The EIA web pages suit the application's purpose, which is not after all designed to give oil futures traders up-to-the-second data. The application displays the prices in the browser window when the user loads the web page. Figure 1-1 shows what the left side of the page looks like. The left column holds the energy prices, which highlight when the mouse passes over them.

Figure 1-1. Web page doodads fetch energy prices. (Click image for full-size screen shot.)

Each region or div tag on the page that is devoted to a separate price (e.g., oil) has a Refresh button. This gives the user the option to fetch the latest price. The EIA, however, only updates these prices about once per week. Therefore, it would be wasteful to allow these requests to go through if the user only loaded the web page one hour ago. We know that it is highly probable that the price is exactly the same, so we should leave the currently displayed price alone.

Specify a Time Period for Caching Data

There are always a number of viable solutions to such a problem or requirement. The one I chose was to create an object, using the Prototype open source JavaScript library, that keeps track of when a price was last updated by an HTTP request. The object has a property that represents a range, say 24 hours. If the price was fetched less than 24 hours ago, then the object prevents a new request from being initiated and keeps the displayed price the same.

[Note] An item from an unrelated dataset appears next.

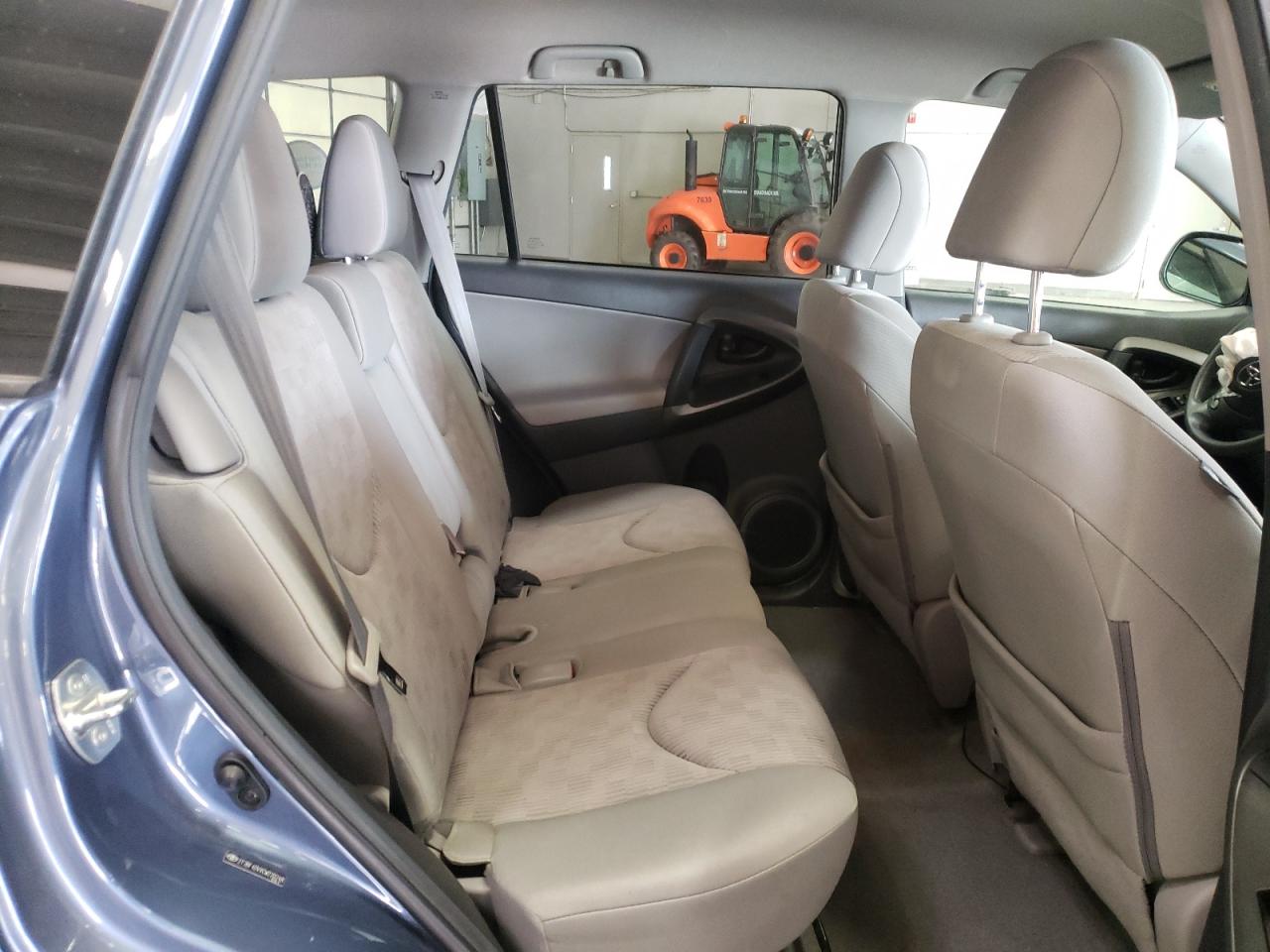 Photo 6 from auction – 2012 TOYOTA RAV4 with VIN 2T3BF4DVXCW220248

This is an AJAX caching strategy that is designed to periodically refresh data from a server, but only if the client's version of the data has been cached for a specified period. If the application user leaves the page in her browser for more than 24 hours, then clicks a Refresh button, XHR goes out and grabs a new price for display. We want to give the user the ability to refresh the price without reloading the entire application into the browser, yet we also want to cut down on unnecessary requests.

Import the JavaScript

The web application uses script tags in the HTML to import the necessary JavaScript, including the Prototype library. The first xml.com article I wrote on this application shows how to download and set up Prototype.

<head>...

<script src="http://www.eeviewpoint.com/js/prototype.js" type="text/javascript">

</script>

<script src="http://www.eeviewpoint.com/js/eevpapp.js" 

type="text/javascript">

</script>

..</head>

Set Up the Refresh Buttons

First I'll show the code from eevapp.js that I used to get the energy prices. Then I'll show the object that acts as a kind of request filter.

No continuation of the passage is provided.